Task goal
An exact transcription of the entries is required, with no images included.

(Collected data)
[Start of section]

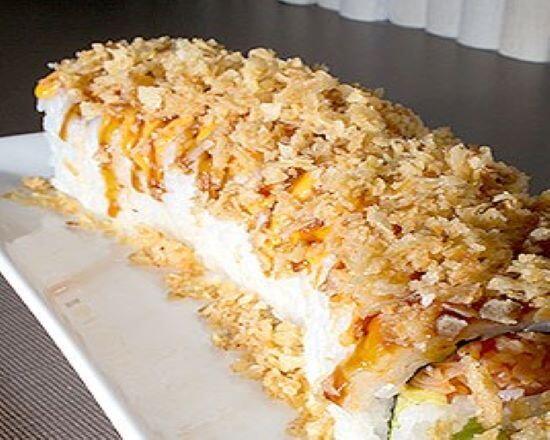 24. Krab Salad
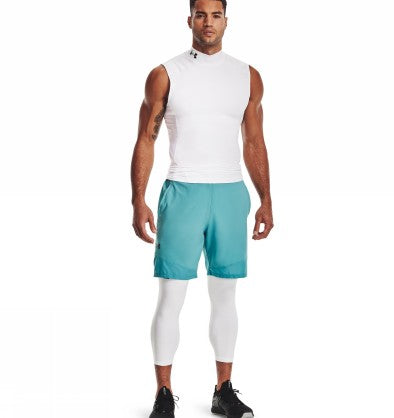 UA HG ARMOUR 3/4 LEGGING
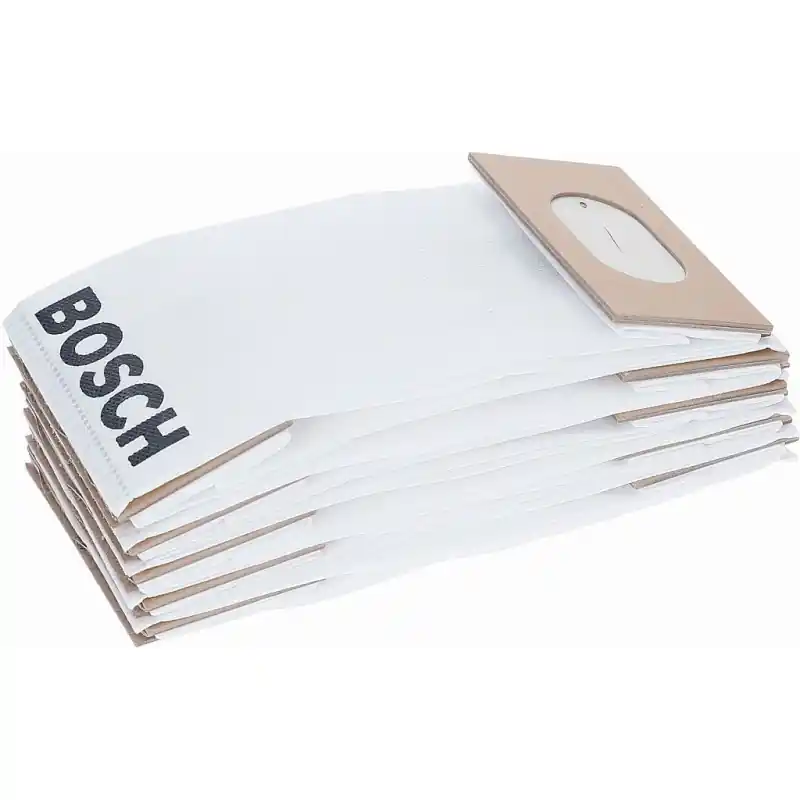 Saisonangebot BOSCH Papierstaubbeutel 2605411068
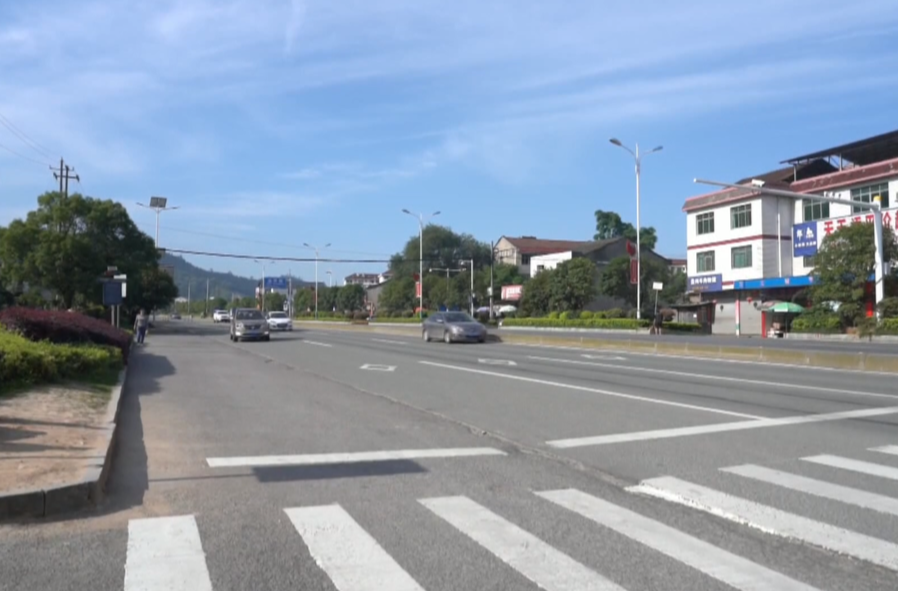 护航高考|中方县公路建设养护中心：全力为高考考生畅通出行保驾护航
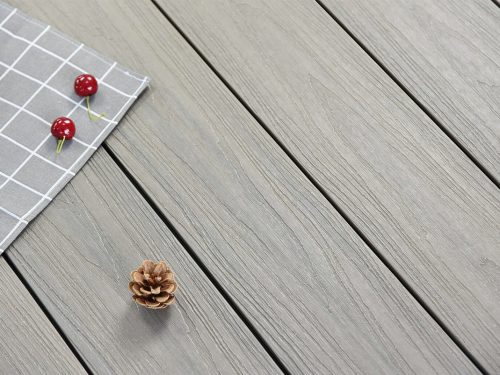 What decking material is the best?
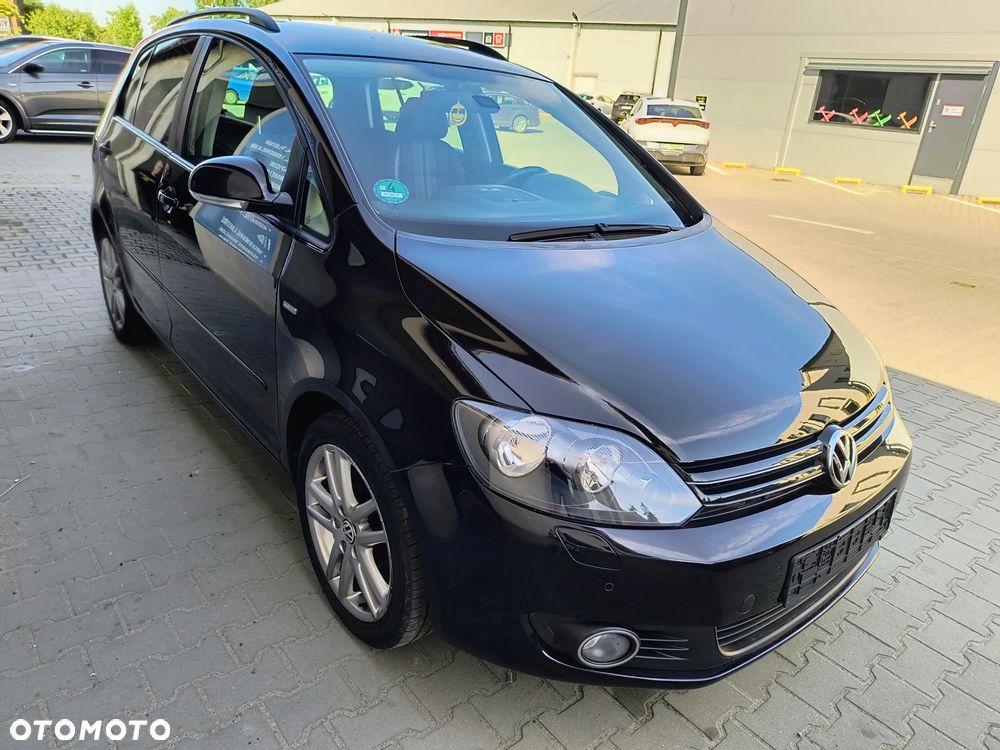Volkswagen Golf Plus 1.4 MATCH - 3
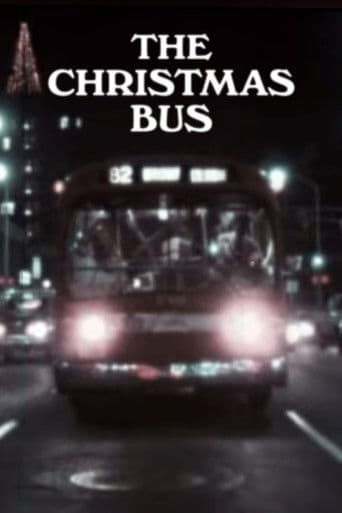 The Christmas Bus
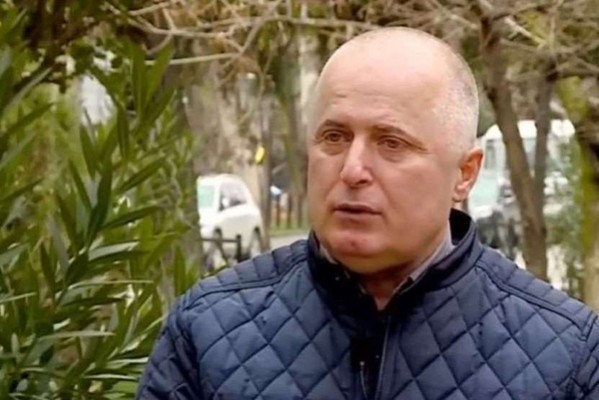 ამირან სალუქვაძე: როცა მაშინდელი ერთპიროვნული მმართველი თავისი ხუშტურებისთვის ძვირადღირებული ტყავის სალონით უკვეთდა შვეულმფრენს, ვინმემ გააკრიტიკეთ, სამაშველო ვერსია რატომ არ იყიდეო?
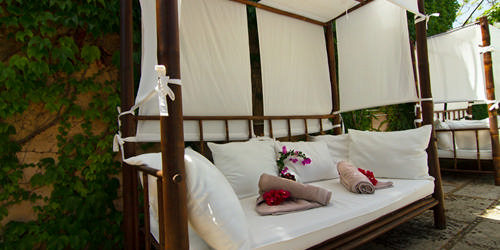 Aumallia Hotel & Spa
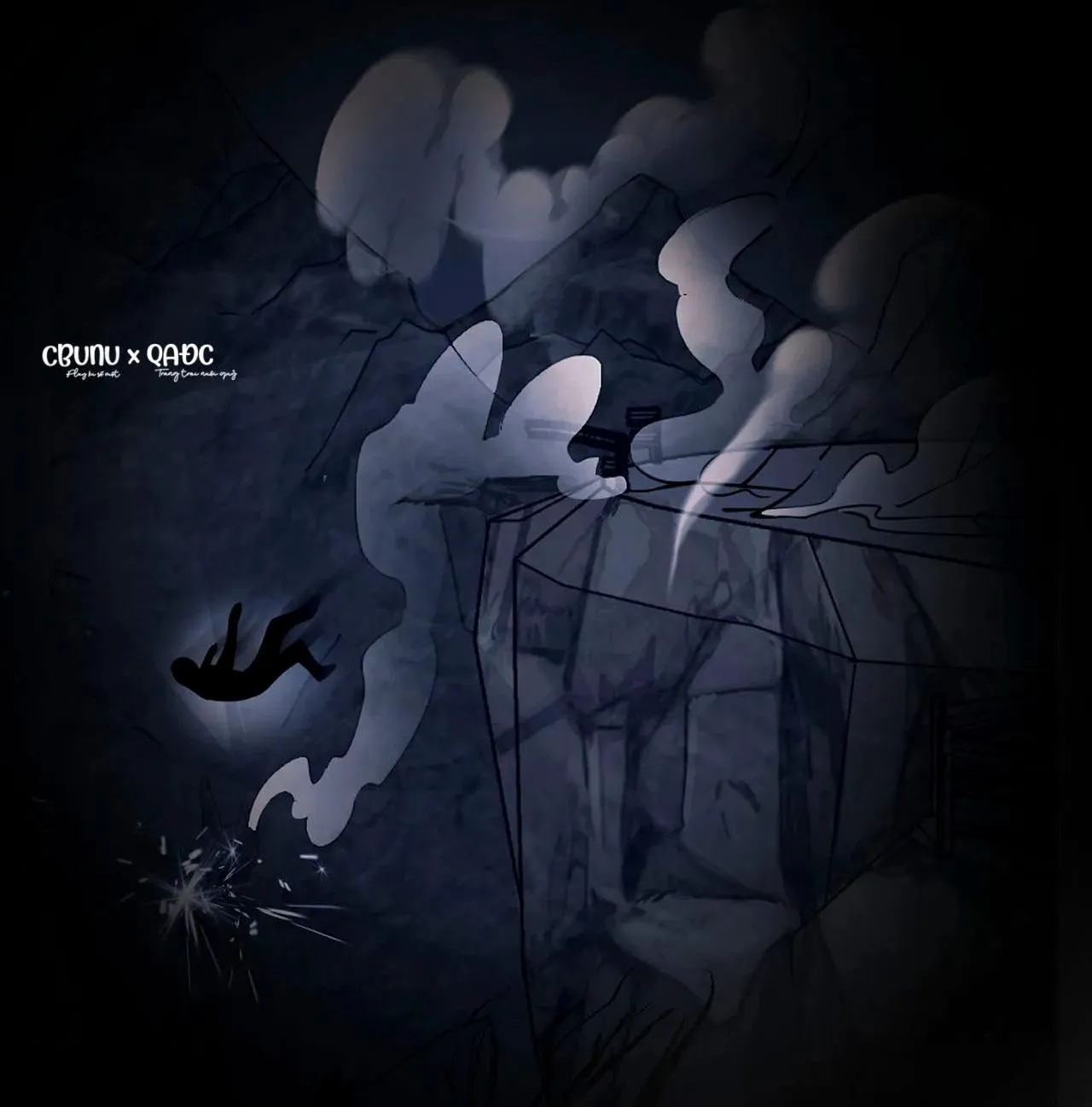 Vết Trượt Chapter 24 Trang 74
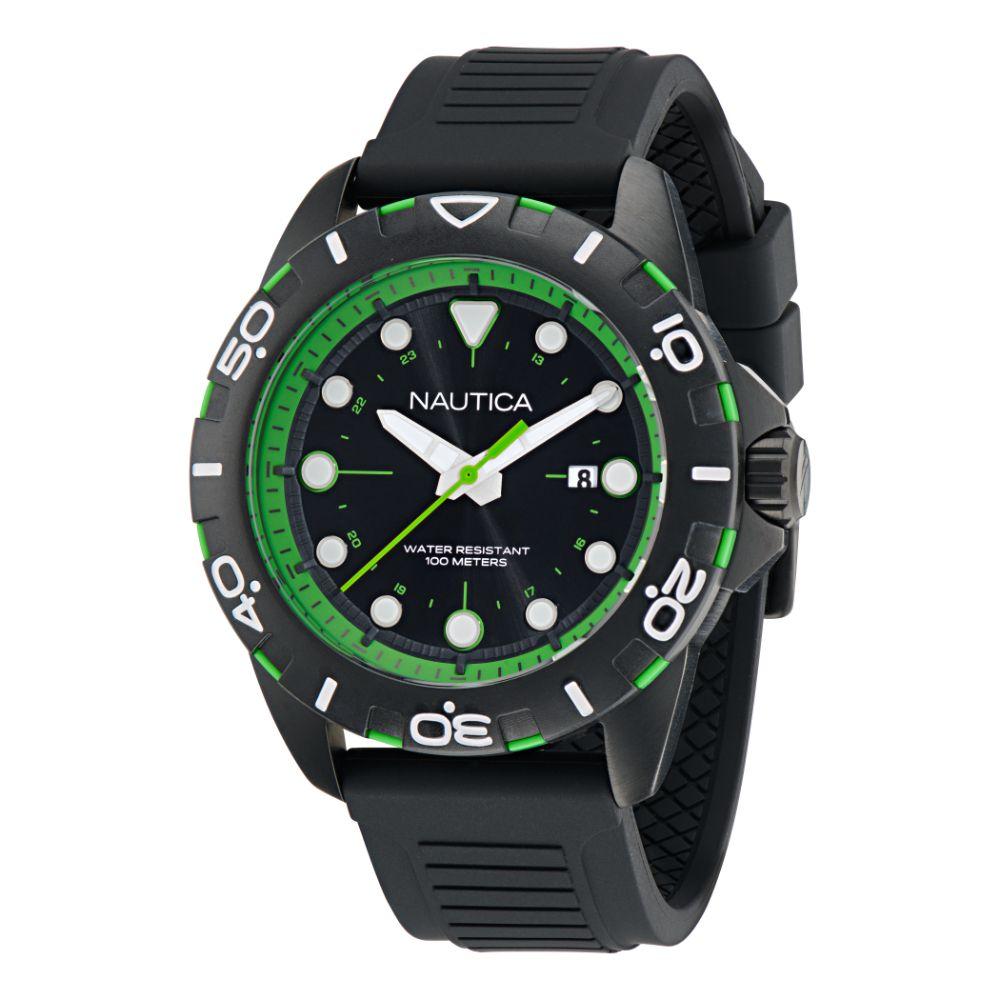 Reloj Nautica Hombre NAPNRS402-1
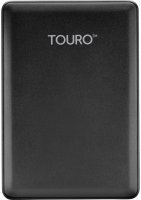    2.5" USB3.0 2 Tb Hitachi Touro Mobile HTOLMU3E20001ABB 0S03954 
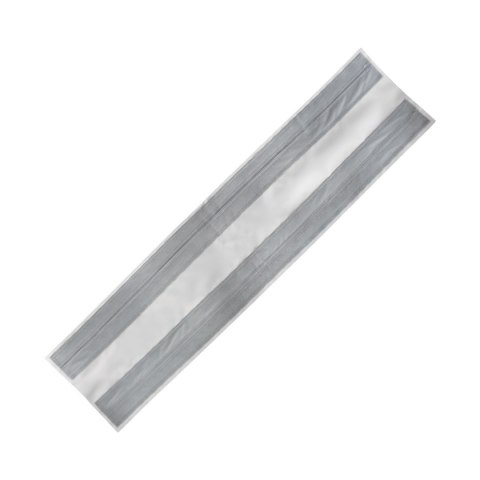 MASTER SPORT s.r.o. Pasek Rzep do Airtracków Trackconnect MASTER 100 cm Szary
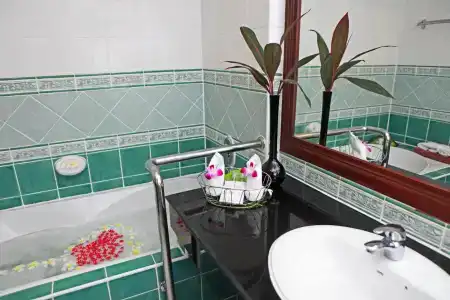 Samui First House - 31
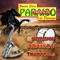 Caballo Alazan Lucero - Banda Show Paraiso Tropical de Durango lyrics
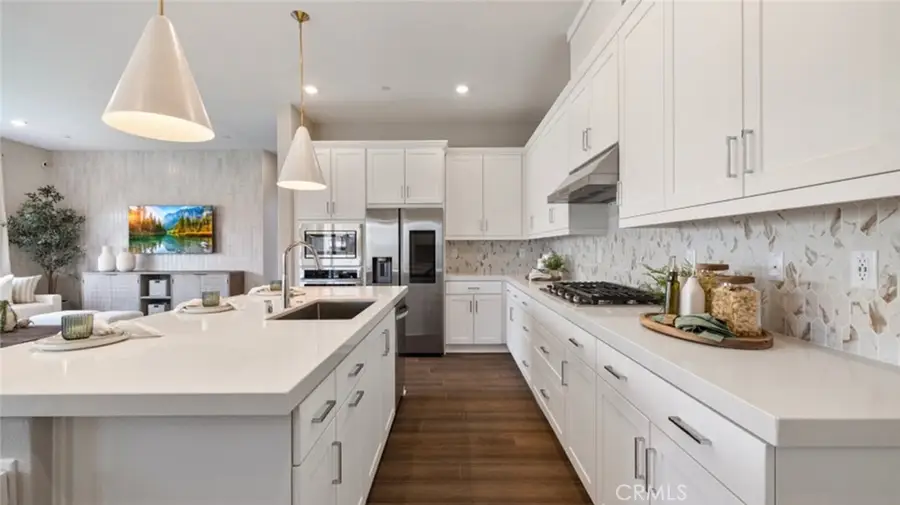 24517 Via La Sombrilla, Valencia, CA 91354 - #3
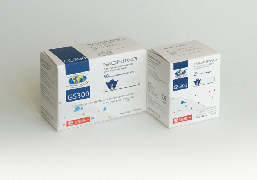 Тест-смужки ТМ Bionime Rightest GS300 (25 шт.)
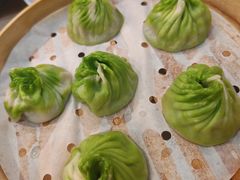 -苏小柳手作点心x茶叙小院(徐家汇分院)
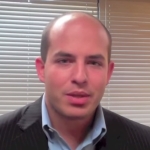 Brian Stelter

[End of section]

Response to the task
 24. Krab Salad
 UA HG ARMOUR 3/4 LEGGING
 Saisonangebot BOSCH Papierstaubbeutel 2605411068
 护航高考|中方县公路建设养护中心：全力为高考考生畅通出行保驾护航
 What decking material is the best?
Volkswagen Golf Plus 1.4 MATCH - 3
 The Christmas Bus
 ამირან სალუქვაძე: როცა მაშინდელი ერთპიროვნული მმართველი თავისი ხუშტურებისთვის ძვირადღირებული ტყავის სალონით უკვეთდა შვეულმფრენს, ვინმემ გააკრიტიკეთ, სამაშველო ვერსია რატომ არ იყიდეო?
 Aumallia Hotel & Spa
 Vết Trượt Chapter 24 Trang 74
 Reloj Nautica Hombre NAPNRS402-1
    2.5" USB3.0 2 Tb Hitachi Touro Mobile HTOLMU3E20001ABB 0S03954 
 MASTER SPORT s.r.o. Pasek Rzep do Airtracków Trackconnect MASTER 100 cm Szary
 Samui First House - 31
 Caballo Alazan Lucero - Banda Show Paraiso Tropical de Durango lyrics
 24517 Via La Sombrilla, Valencia, CA 91354 - #3
 Тест-смужки ТМ Bionime Rightest GS300 (25 шт.)
 -苏小柳手作点心x茶叙小院(徐家汇分院)
 Brian Stelter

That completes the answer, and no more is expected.